Question

When to replace a maintenance system. An article in the Journal of Quality of Maintenance Engineering (Vol. 19,2013) studied the problem of finding the optimal replacement policy for a maintenance system. Consider a system that is tested every 12 hours. The test will determine whether there are any flaws in the system. Assume that the probability of no flaw being detected is .85. If a flaw (failure) is detected, the system is repaired. Following the fifth failed test, the system is completely replaced. Now, let x represent the number of tests until the system needs to be replaced.

a. Give the probability distribution for x as a formula.

b. Find the probability that the system needs to be replaced after 8 total tests.

Short answer

a. The probability distribution for x as a formula is $\left(\begin{array}{l}x-1\\ x-5\end{array}\right){(1-0.85)}^5{\left(0.85\right)}^{x-5}$.

b. The probability that the system is replaced after 8 total tests is 0.0016.

Step-by-step solution

Calculating the Probability distribution for x with the formula

a.

Let x denote the random variable that the number of testes until the system need to be replaced.

The probability that no flaw is detected is$p=0.85$

And the probability that flaw is detected is

$\begin{array}{c}(1-p)=1-0.85\\ =0.15\end{array}$

The system is replaced if the 5^th flaw occurs on the last trail or on the xth trail.

Hence it is clear that the negative binomial distribution.

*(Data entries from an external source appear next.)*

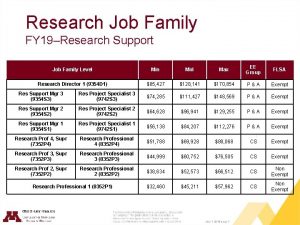 Research Job Family FY 19Research Support Job Family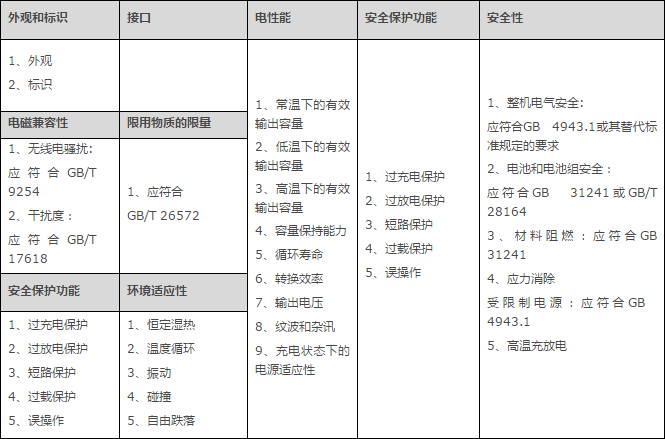 為什么要辦理質檢報告，質檢報告去哪里辦理及費用(圖2)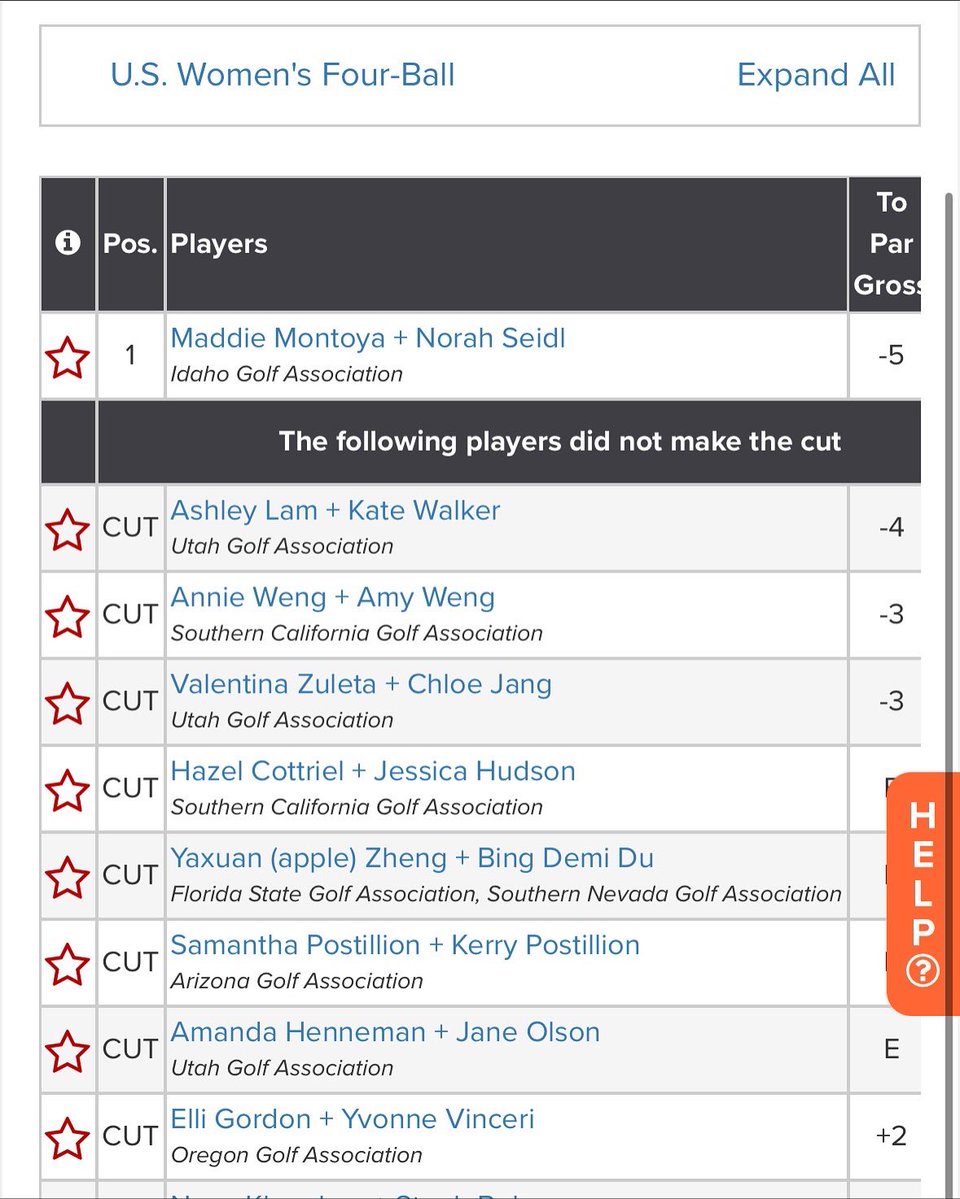 Bobcat Women's Golf is back in the USGA Women’s Amateur Four-Ball Championship for the second year in a row. Teammates Maddie Montoya and Norah Seidl have earned the first place medal at the local qualifier in Utah today. Total score of 67! Way to go ladies!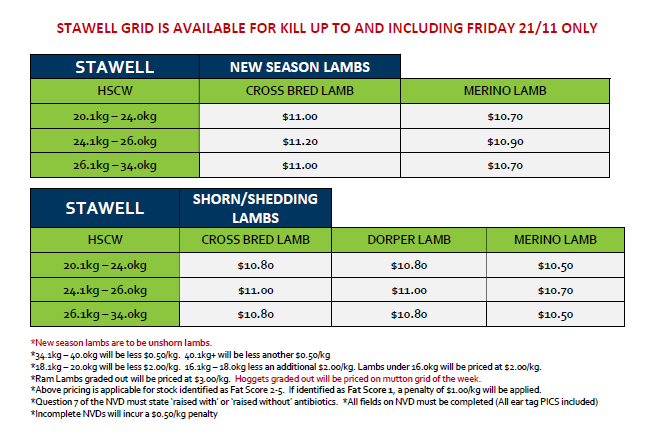 Lambs (old and new season), Stawell VIC - Agora Livestock listing MKPIL64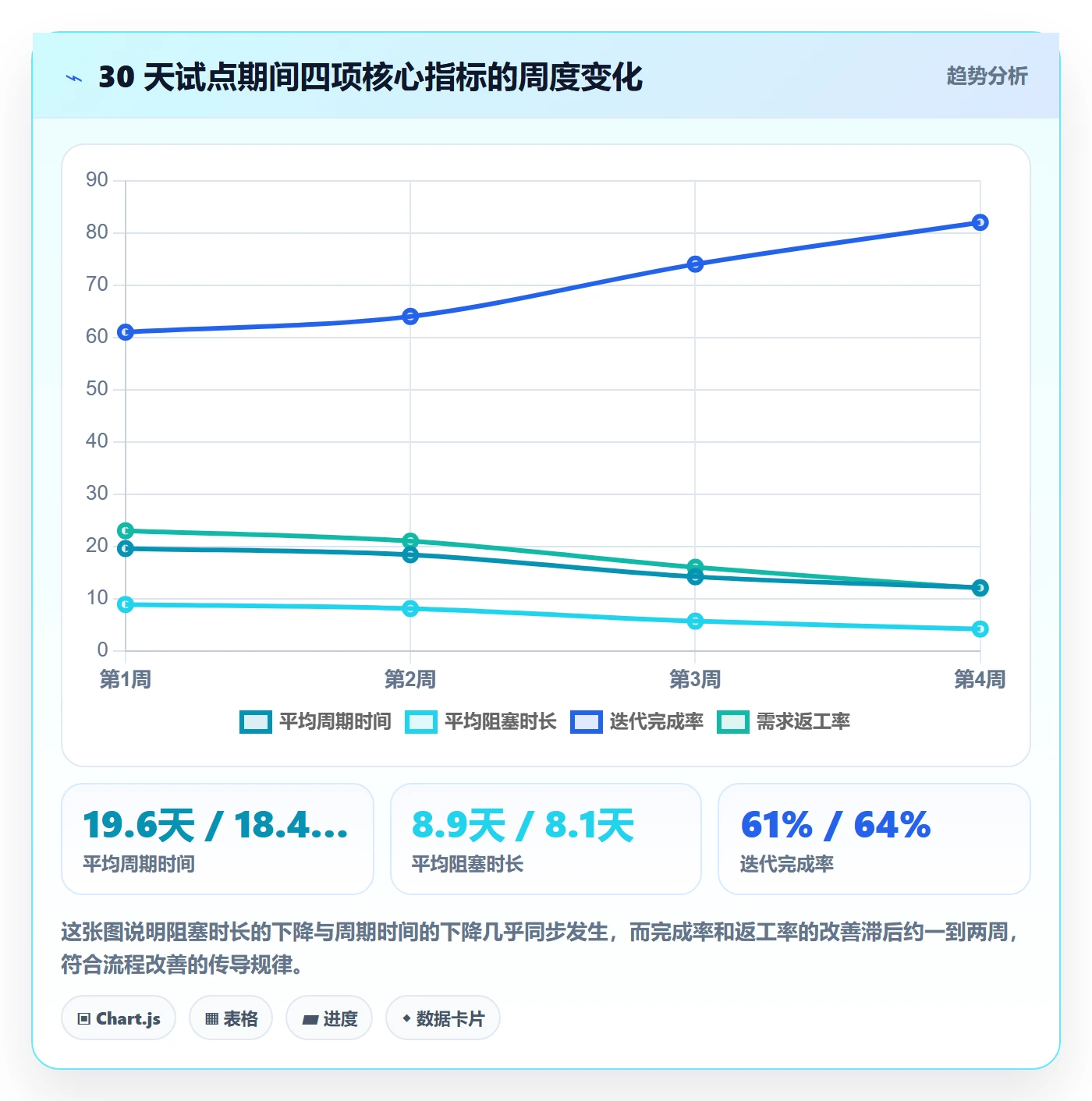 完成实操方法:研发团队提升任务执行效率的协同管理方法与模板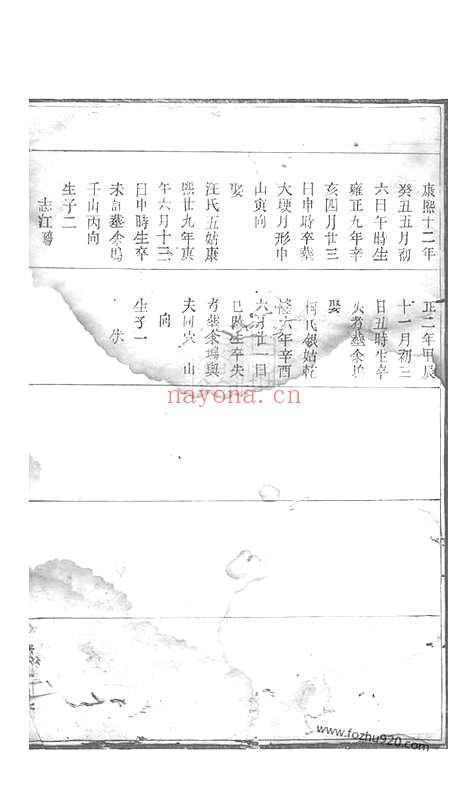 【怀玉童氏宗谱】（玉山家谱）_N1251.pdf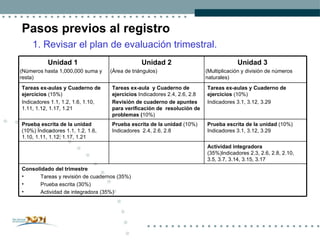 1.   Revisar el plan de evaluación trimestral. Pasos previos al registro   Consolidado del trimestre Tareas y revisión de cuadernos (35%) Prueba escrita (30%) Actividad de integradora (35%)  Actividad integradora  (35%)Indicadores 2.3, 2.6, 2.8, 2.10, 3.5, 3.7, 3.14, 3.15, 3.17  Prueba escrita de la unidad  (10%) Indicadores 3.1, 3.12, 3.29 Prueba escrita   de la unidad  (10%) Indicadores  2.4, 2.6, 2.8   Prueba escrita   de la unidad  (10%) Indicadores  1.1, 1.2, 1.6, 1.10, 1.11, 1.12, 1.17, 1.21 Tareas ex-aulas y Cuaderno de ejercicios  (10%) Indicadores  3.1, 3.12, 3.29 Tareas ex-aula  y Cuaderno de ejercicios  Indicadores  2.4, 2.6, 2.8 Revisión de cuaderno de apuntes para verificación de  resolución de problemas ( 10%) Tareas ex-aulas y Cuaderno de ejercicios  (15%) Indicadores 1.1, 1.2, 1.6, 1.10, 1.11, 1.12, 1.17, 1.21   Unidad 3   (Multiplicación y división de números naturales) Unidad 2 (Área de triángulos) Unidad 1  (Números hasta 1,000,000 suma y resta) 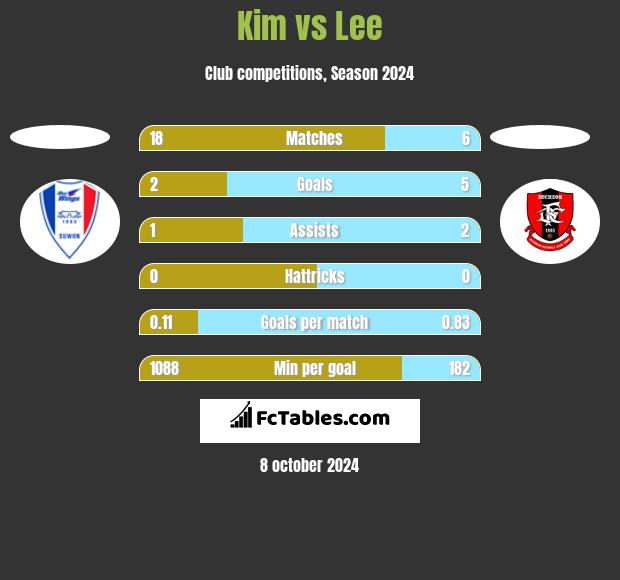 Kim vs Lee h2h player stats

Let x be the discrete random variable with r number of failures, then probability mass function is,

localid="1661969502731" $\begin{array}{c}{\rm P}(X=x)=\left(\begin{array}{l}x-1\\ x-5\end{array}\right){(1-p)}^5{p}^{x-5};x=5,6,7\\ =\left(\begin{array}{l}x-1\\ x-5\end{array}\right){(1-0.85)}^5{\left(0.85\right)}^{x-5}\end{array}$

Calculating the Probability that the system need to be replaced after total 8 tests. 

b.

Consider,

$\begin{array}{c}{\rm P}(x=8)=\left(\begin{array}{l}8-1\\ 8-5\end{array}\right){(1-0.85)}^5{\left(0.85\right)}^{8-5}\\ =\left(\begin{array}{l}8-1\\ 8-5\end{array}\right){\left(0.15\right)}^5{\left(0.85\right)}^3\\ =\left((\begin{array}{l}7\\ 3\end{array}\right){\left(0.15\right)}^5{\left(0.85\right)}^3\end{array}$

$\begin{array}{c}{\rm P}(x=8)=35\times 0.0000759375\times 0.614125\\ =0.0016\end{array}$

Hence the probability that the system is replaced after 8 total tests is 0.0016.